• **DIRECTIONS FOR THIS TASK**: Below are some records. Print exactly the lines between the one holding "El Bernabéu en un gol del Real Madrid" and the one holding "C+P PSA Schwarz-Weiß-Spind", inclusive, and nothing else.

★ ★ ★

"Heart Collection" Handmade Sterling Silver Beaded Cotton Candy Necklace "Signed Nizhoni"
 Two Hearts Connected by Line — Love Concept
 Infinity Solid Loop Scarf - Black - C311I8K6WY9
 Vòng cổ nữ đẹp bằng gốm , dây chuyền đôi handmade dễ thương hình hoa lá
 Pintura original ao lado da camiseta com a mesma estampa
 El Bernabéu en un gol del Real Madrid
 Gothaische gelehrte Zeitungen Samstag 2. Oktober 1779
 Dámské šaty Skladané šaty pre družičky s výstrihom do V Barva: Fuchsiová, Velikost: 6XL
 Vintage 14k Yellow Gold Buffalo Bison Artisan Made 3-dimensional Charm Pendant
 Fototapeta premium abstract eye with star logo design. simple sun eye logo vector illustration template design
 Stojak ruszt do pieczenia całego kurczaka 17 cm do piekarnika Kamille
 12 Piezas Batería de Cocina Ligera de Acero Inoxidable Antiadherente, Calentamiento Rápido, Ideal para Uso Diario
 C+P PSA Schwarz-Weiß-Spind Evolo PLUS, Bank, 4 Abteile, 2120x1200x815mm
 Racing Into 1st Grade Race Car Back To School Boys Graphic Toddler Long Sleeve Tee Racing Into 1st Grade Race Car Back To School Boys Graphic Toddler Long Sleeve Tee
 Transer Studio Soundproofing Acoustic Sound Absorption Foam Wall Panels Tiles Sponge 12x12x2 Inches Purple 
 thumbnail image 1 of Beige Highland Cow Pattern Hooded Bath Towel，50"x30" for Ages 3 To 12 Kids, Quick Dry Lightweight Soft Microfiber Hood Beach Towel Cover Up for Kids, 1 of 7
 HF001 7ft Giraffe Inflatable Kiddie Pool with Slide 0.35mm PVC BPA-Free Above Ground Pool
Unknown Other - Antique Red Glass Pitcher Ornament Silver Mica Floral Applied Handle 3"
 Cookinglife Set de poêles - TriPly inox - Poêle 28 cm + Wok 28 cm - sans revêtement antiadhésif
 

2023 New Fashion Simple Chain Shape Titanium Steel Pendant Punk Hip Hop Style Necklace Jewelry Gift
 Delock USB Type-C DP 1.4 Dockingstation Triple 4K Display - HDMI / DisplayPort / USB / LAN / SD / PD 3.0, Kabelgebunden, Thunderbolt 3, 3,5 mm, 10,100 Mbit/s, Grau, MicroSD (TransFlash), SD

★ ★ ★

• **SOLUTION FOR THIS TASK**:
 El Bernabéu en un gol del Real Madrid
 Gothaische gelehrte Zeitungen Samstag 2. Oktober 1779
 Dámské šaty Skladané šaty pre družičky s výstrihom do V Barva: Fuchsiová, Velikost: 6XL
 Vintage 14k Yellow Gold Buffalo Bison Artisan Made 3-dimensional Charm Pendant
 Fototapeta premium abstract eye with star logo design. simple sun eye logo vector illustration template design
 Stojak ruszt do pieczenia całego kurczaka 17 cm do piekarnika Kamille
 12 Piezas Batería de Cocina Ligera de Acero Inoxidable Antiadherente, Calentamiento Rápido, Ideal para Uso Diario
 C+P PSA Schwarz-Weiß-Spind Evolo PLUS, Bank, 4 Abteile, 2120x1200x815mm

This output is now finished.